London, being one of the world’s most visited cities, is littered with signs pointing to the tourist attractions, so it would be very easy to predict what would be just around the corner. There are so many pubs in England that it would be quite difficult not to find a house that hadn’t been a pub at one point.

This is a fantasy.

Browne herself had always wanted to go to Mombasa, Kenya. When she gets there, she tells her companions not to tell her anything – she can point out major attractions and point to where famous buildings used to be. She does, much to her companions’ amazement.

Travel guides are a dime a dozen. Anyone can do the same in any major city. Now, if she had done the same in a previously undisclosed minor town, or even pointed to Joe’s Mombasa Bar round the corner, it would be easier to believe her. But no, she wants us to believe she travels across the globe, completely unprepared, only to arrive in a strange African city, knowing all about major attractions in advance. She never points out one single minor attraction, not even Joe’s Mombasa Bar…

This is a fabricated fantasy. To each, his own reasons.

“Addicted” to research?

These are the examples Browne claims prove her case, the ones strong enough to be publicised. If not even these can hold water, what about the rest of the “many thousands” of regressions?

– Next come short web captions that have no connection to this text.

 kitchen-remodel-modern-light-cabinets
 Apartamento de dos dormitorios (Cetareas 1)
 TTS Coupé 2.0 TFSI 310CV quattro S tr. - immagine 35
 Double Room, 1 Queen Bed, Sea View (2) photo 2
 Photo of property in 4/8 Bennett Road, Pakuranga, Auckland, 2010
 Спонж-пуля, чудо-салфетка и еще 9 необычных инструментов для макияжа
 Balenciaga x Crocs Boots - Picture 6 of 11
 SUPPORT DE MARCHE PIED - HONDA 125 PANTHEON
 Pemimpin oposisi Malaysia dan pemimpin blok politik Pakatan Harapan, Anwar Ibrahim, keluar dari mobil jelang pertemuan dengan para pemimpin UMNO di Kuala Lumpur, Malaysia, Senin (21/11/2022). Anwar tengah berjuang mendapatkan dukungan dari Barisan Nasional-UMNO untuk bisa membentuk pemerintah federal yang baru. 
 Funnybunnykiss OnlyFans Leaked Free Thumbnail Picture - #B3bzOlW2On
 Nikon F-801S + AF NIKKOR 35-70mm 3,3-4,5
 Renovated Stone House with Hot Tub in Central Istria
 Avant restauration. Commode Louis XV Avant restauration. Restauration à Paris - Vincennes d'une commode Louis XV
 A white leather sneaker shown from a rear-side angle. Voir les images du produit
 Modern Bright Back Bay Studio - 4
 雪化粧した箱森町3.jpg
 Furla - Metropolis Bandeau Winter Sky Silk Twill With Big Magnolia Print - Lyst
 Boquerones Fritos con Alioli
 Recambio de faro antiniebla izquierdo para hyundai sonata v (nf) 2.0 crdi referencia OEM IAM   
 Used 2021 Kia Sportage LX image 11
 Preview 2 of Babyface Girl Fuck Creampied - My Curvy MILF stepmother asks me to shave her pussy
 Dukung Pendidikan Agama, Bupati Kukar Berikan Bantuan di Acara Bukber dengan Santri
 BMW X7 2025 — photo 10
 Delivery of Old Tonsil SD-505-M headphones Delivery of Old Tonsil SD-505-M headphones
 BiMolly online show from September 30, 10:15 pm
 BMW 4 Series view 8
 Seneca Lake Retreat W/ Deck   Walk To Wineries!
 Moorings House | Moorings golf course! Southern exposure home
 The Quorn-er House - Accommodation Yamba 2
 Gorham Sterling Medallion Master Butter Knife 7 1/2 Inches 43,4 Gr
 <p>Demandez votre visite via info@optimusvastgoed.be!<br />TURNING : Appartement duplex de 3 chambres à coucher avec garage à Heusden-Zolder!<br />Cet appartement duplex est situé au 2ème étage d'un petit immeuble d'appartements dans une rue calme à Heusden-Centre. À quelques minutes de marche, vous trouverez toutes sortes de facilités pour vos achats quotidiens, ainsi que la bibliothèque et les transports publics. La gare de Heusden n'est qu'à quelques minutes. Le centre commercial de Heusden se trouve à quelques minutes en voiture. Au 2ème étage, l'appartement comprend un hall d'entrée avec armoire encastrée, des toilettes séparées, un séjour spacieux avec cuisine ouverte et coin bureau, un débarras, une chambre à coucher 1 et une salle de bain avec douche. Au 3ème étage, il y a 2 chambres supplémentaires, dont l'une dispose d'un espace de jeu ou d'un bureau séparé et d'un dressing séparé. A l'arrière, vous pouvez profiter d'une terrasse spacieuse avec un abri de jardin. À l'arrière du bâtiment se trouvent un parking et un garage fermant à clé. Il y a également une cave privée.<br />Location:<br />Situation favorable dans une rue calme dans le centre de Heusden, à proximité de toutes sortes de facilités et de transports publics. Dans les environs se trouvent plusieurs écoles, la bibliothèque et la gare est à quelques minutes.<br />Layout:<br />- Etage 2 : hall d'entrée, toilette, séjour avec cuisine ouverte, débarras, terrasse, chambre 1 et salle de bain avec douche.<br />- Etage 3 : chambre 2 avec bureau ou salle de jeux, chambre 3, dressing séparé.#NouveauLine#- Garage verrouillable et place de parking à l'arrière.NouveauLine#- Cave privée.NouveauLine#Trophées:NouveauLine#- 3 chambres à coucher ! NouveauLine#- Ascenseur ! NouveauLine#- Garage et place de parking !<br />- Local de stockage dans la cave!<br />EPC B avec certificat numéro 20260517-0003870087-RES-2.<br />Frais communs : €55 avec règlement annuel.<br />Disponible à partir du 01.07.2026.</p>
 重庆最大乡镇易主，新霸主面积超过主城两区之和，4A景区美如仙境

Are they as sloppily researched as the ones exposed here?

For someone who has an “addiction” to research, this is very strange indeed. Five of those recalled lives that can actually be verified, are shown to be fantasies or easily faked.

Never does Browne offer any footnotes or references to her claims. All her “evidence” is based on unverifiable anecdotes. She says: “The fact that past-life regressions heal is enough for me”. She stops investigating when it seemingly works, she never questions why, how, or if it works at all.

Read more about what it takes to verify these readings.

Postlude

Most past life regressions are vague and unverifiable. Those that are not, are shown to be fantasies, and often historically wrong.

Possible fraud is brushed off with arguments of the subject’s inability (or lack of reason) to lie or fantasize.

Chronological errors, like knowing a state’s name 13 years before it ever became one, or people knowing what year it is by referring to it as “B.C.”, are explained as the subject being omniscient – all-knowing. This omniscience isn’t omniscient enough to point out previously unknown historical facts.

Historical errors are simply not talked about.